Exercise directions:
The answer is the exact run of lines in the listing below from the line containing "花菖蒲と皐月@梅宮大社_f0032011_19071569.jpg" up to and including the line containing "Lilac-breasted Roller - ML417579391", with pictures removed.

Data records:
■ ■ ■ ■ ■

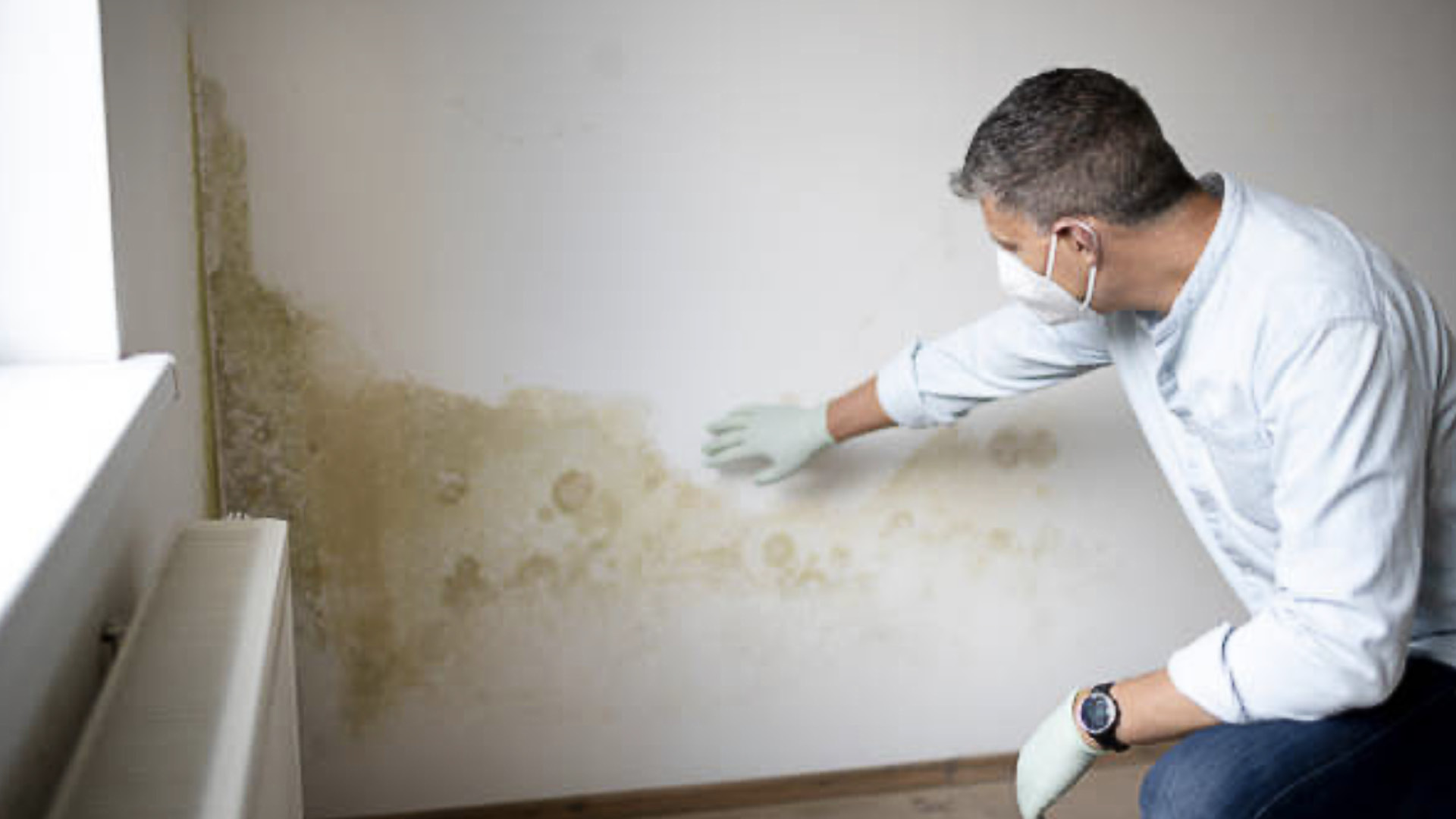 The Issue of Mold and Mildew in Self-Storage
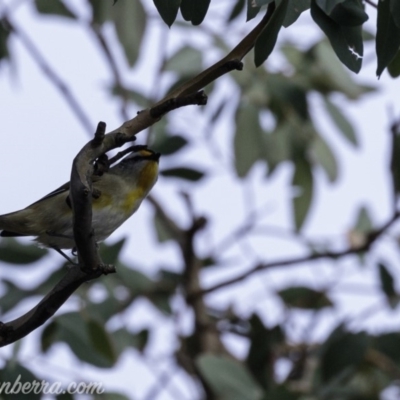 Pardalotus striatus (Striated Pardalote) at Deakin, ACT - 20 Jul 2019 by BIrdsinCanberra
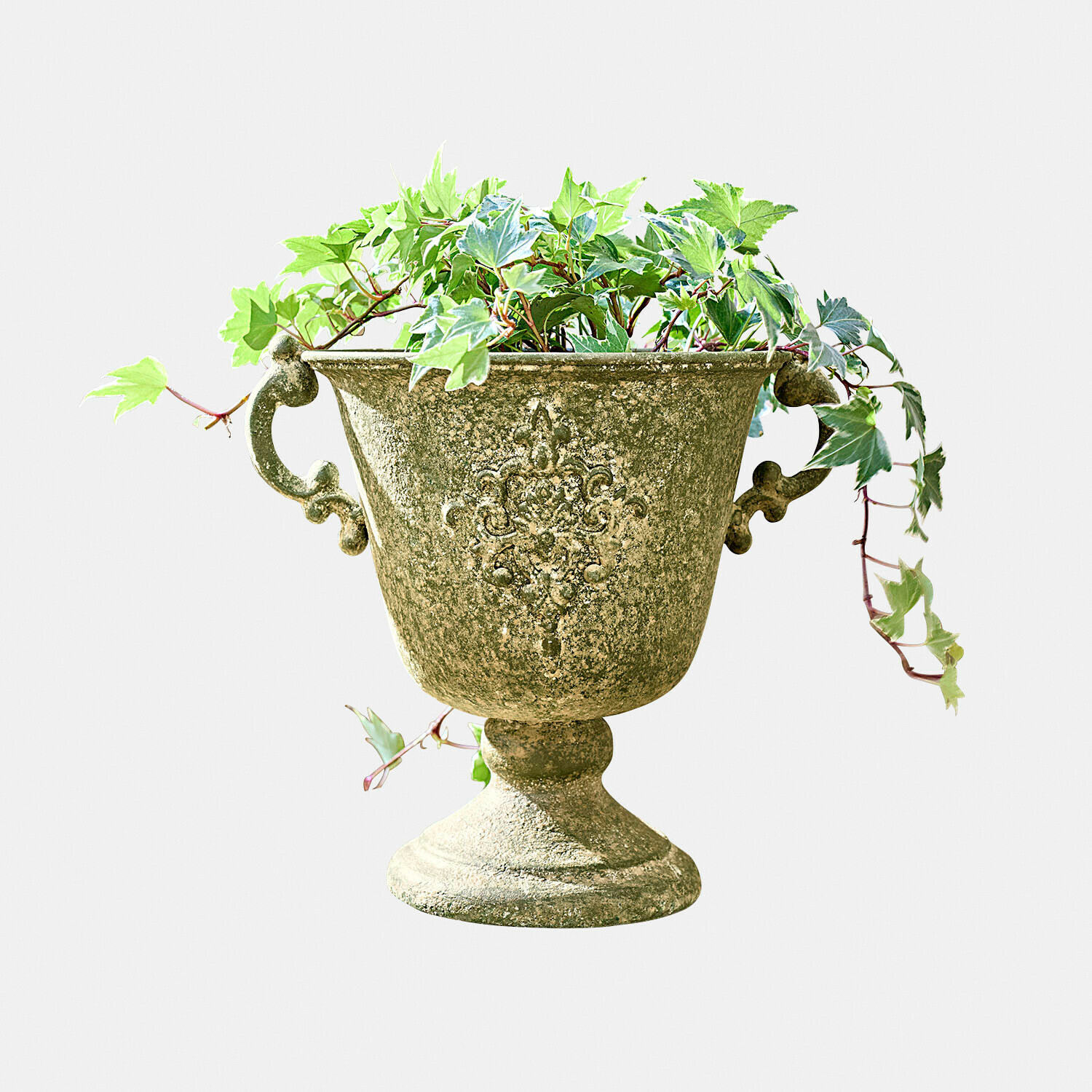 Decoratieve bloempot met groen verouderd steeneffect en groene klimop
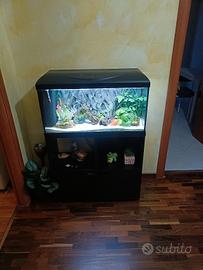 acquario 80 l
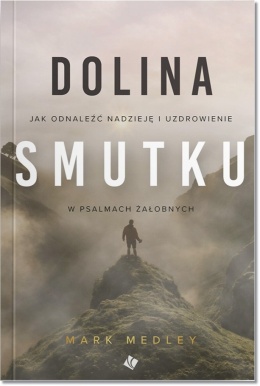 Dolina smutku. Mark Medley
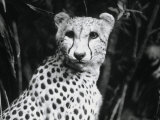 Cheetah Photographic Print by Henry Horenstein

■ ■ ■ ■ ■

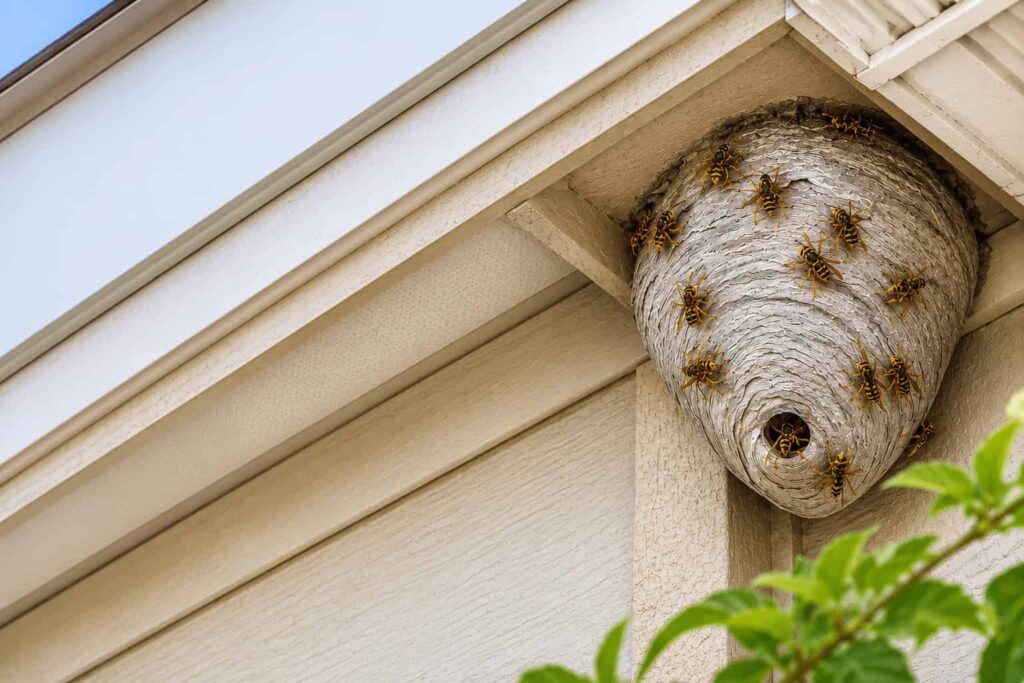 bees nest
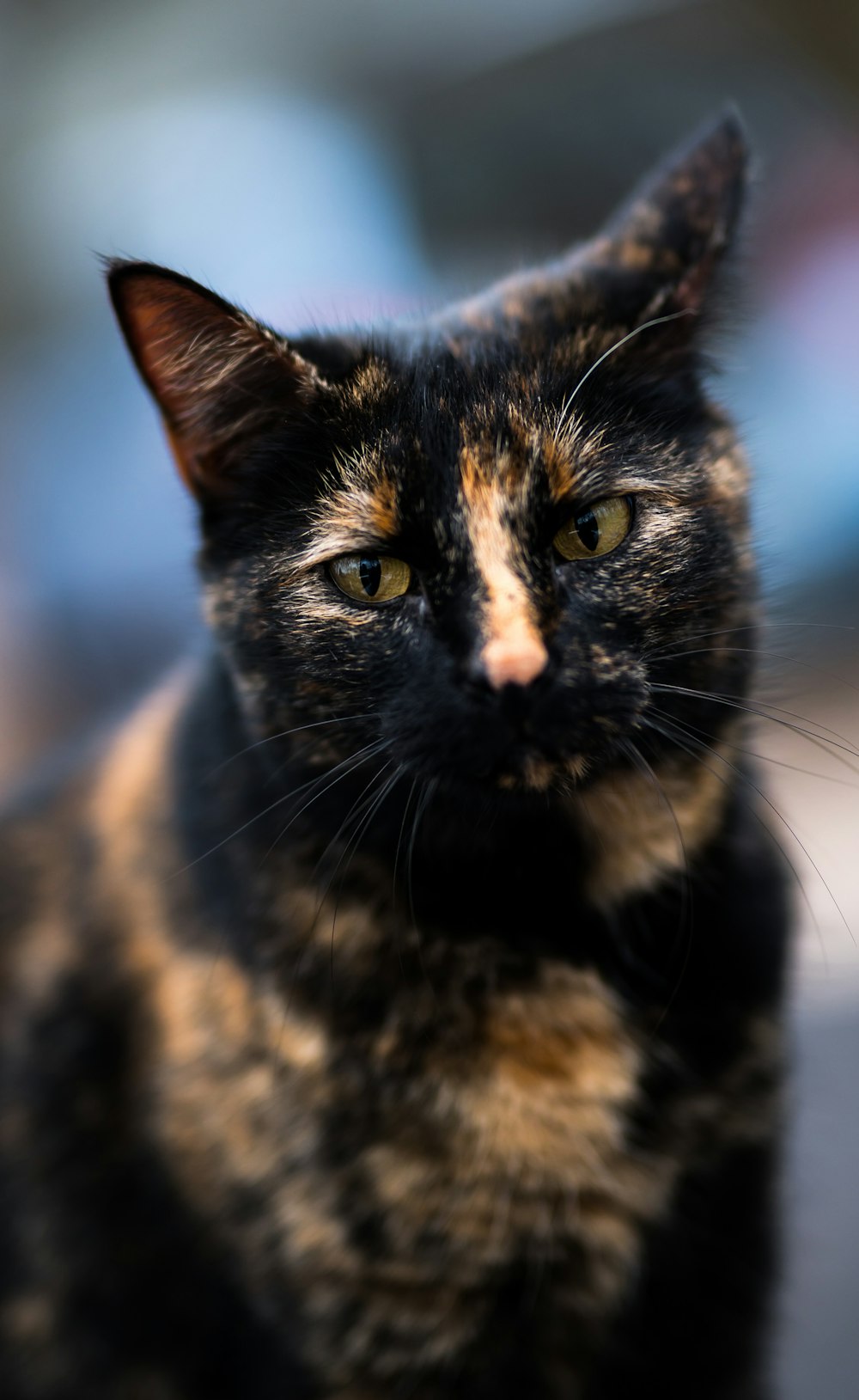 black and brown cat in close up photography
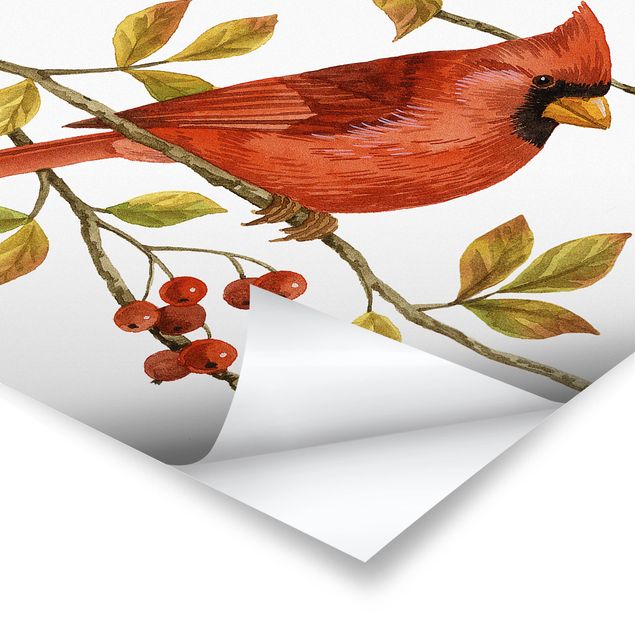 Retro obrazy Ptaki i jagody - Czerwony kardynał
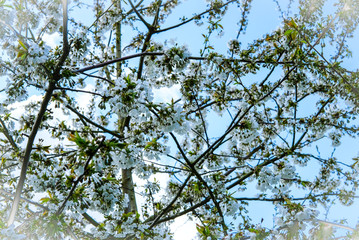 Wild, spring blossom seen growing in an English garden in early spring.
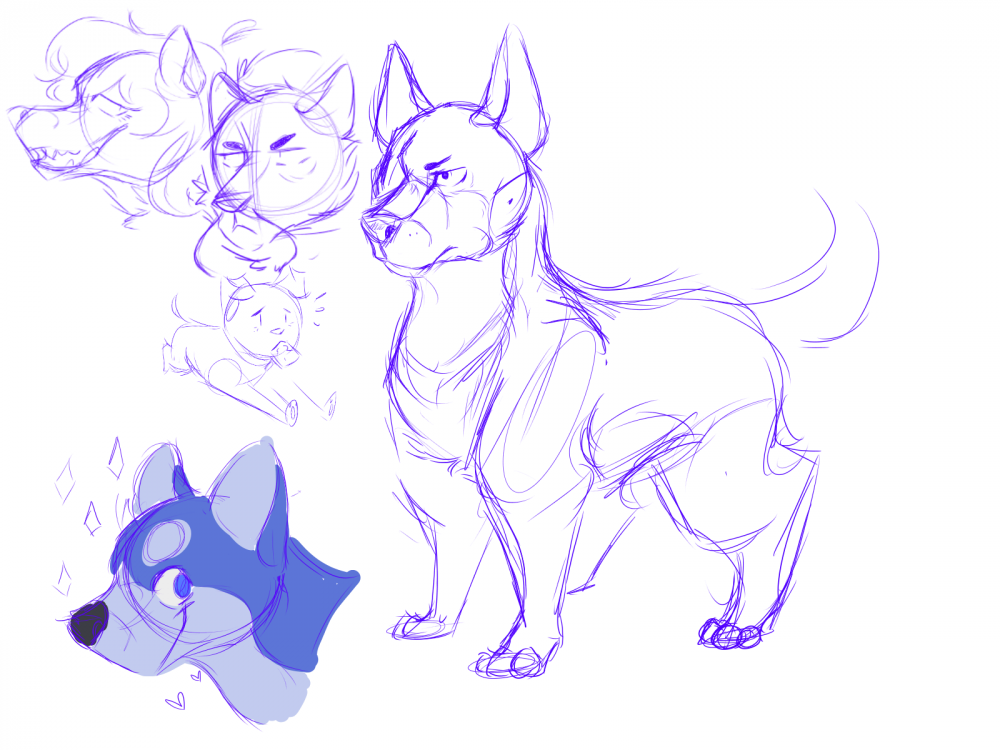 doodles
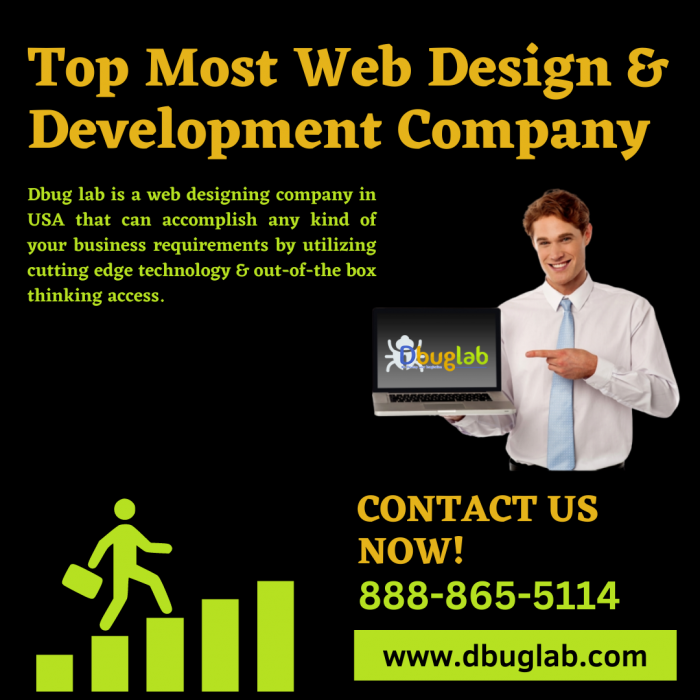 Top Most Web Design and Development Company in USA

■ ■ ■ ■ ■

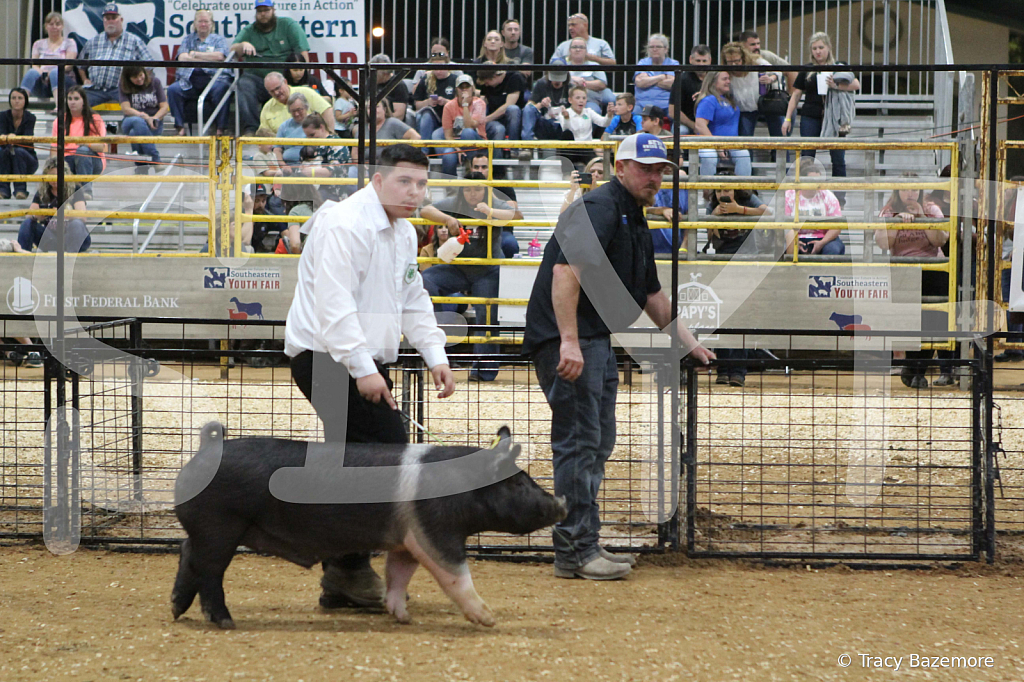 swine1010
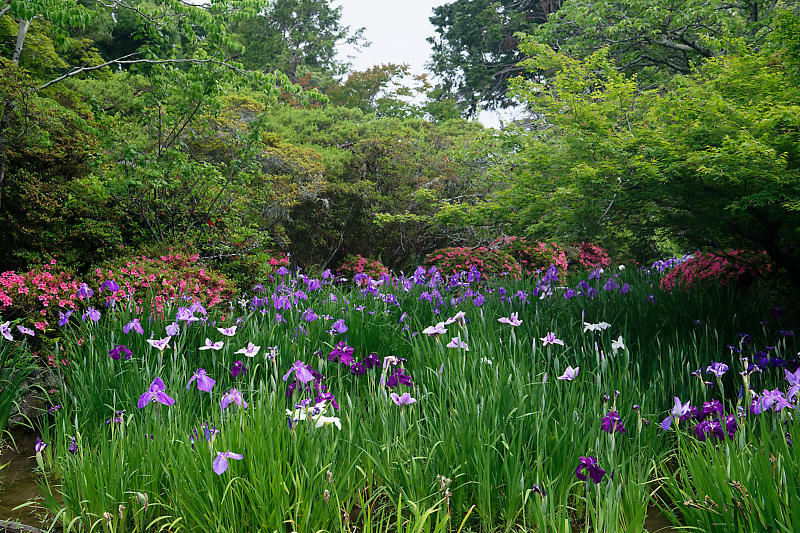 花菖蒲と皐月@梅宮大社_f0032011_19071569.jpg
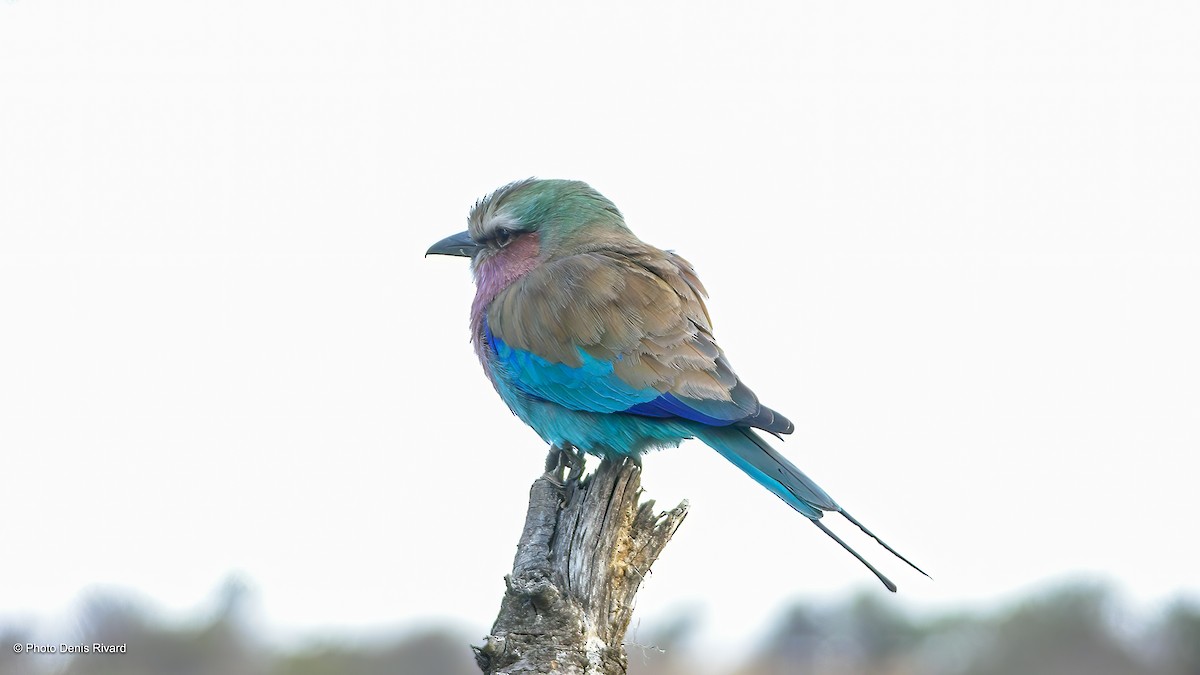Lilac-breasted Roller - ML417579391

■ ■ ■ ■ ■

Exercise result:
 花菖蒲と皐月@梅宮大社_f0032011_19071569.jpg
Lilac-breasted Roller - ML417579391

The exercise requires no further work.